The training process balances two forces:

When $\Omega(\theta) > k$ (constraint violated):
- $\alpha$ increases to penalize the violation
- Larger $\alpha$ pushes $\theta$ toward smaller norms
- This enforces the constraint
When $\Omega(\theta) < k$ (constraint satisfied):
- $\alpha$ decreases toward 0
- The constraint is not active
- Optimization focuses on minimizing $J(\theta)$

Saddle Point Solution

The training converges to a saddle point satisfying the KKT (Karush-Kuhn-Tucker) conditions:

\[ \begin{aligned} \nabla_{\theta} \mathcal{L}(\theta, \alpha) &= 0 \quad \text{(stationarity)} \\ \alpha(\Omega(\theta) - k) &= 0 \quad \text{(complementary slackness)} \\ \alpha &\geq 0 \quad \text{(dual feasibility)} \end{aligned} \]

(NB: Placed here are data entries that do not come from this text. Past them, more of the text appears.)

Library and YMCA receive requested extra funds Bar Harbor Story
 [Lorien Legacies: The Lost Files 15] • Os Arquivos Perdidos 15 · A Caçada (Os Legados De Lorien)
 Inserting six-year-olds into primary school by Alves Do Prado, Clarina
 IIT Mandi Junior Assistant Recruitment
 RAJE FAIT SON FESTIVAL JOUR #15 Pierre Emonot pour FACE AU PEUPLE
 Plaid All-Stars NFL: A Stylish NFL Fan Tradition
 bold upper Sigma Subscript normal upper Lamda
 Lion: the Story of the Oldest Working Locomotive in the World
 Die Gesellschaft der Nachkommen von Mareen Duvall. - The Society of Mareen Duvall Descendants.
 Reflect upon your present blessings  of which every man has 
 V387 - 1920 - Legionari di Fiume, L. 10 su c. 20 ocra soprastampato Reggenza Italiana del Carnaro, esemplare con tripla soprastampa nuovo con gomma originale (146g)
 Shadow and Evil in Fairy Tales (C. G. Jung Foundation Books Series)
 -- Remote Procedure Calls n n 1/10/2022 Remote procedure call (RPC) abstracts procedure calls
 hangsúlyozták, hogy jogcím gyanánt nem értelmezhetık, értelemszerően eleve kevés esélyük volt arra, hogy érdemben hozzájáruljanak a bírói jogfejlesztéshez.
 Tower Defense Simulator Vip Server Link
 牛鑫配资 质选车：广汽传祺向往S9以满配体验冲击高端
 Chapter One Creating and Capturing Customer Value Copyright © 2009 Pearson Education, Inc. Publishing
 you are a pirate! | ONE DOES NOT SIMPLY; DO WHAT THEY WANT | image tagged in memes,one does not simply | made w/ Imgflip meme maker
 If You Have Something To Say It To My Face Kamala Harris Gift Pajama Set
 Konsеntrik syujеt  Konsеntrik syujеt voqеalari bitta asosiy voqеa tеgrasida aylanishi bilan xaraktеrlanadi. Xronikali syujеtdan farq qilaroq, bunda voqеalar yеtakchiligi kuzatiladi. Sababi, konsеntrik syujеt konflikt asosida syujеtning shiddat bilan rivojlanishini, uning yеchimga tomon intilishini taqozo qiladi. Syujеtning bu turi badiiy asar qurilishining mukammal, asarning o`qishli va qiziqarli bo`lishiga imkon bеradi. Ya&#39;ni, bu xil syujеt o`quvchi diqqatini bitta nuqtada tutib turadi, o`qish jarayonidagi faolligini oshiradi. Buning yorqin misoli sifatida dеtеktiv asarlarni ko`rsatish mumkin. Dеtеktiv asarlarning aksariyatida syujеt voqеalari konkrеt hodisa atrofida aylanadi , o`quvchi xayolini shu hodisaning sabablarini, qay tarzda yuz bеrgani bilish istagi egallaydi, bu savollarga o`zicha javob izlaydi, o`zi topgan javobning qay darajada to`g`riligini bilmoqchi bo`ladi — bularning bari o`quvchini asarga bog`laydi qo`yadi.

The complementary slackness condition means: - Either $\alpha = 0$ (constraint inactive, $\Omega(\theta) < k$) - Or $\Omega(\theta) = k$ (constraint active, $\alpha > 0$)

Penalty vs Projection Methods

Weight Norm Penalties (Soft Constraint)

When using weight norm penalties such as L¹ or L² regularization: - The penalty term $\alpha \Omega(\theta)$ provides a “soft” constraint - The optimal solution may be locally optimal for the regularized objective $\tilde{J}(\theta)$ - Even if increasing weights could reduce the original loss $J(\theta)$, the penalty prevents this - The regularization strength $\alpha$ determines how strictly the constraint is enforced

Explicit Constraints (Hard Constraint)

In contrast, explicit constraint or projection methods enforce $\Omega(\theta) \leq k$ directly: - Provide a hard boundary on the weight norm - After each gradient step, project $\theta$ back onto the constraint set if needed - Often lead to more stable optimization with clearer geometric interpretation - The constraint is always exactly satisfied (not approximately)

Trade-offs

Method	Constraint Type	Stability	Flexibility
Penalty (L¹/L²)	Soft	Good	High (tune $\alpha$)
Projection	Hard	Very Good	Lower (fixed $k$)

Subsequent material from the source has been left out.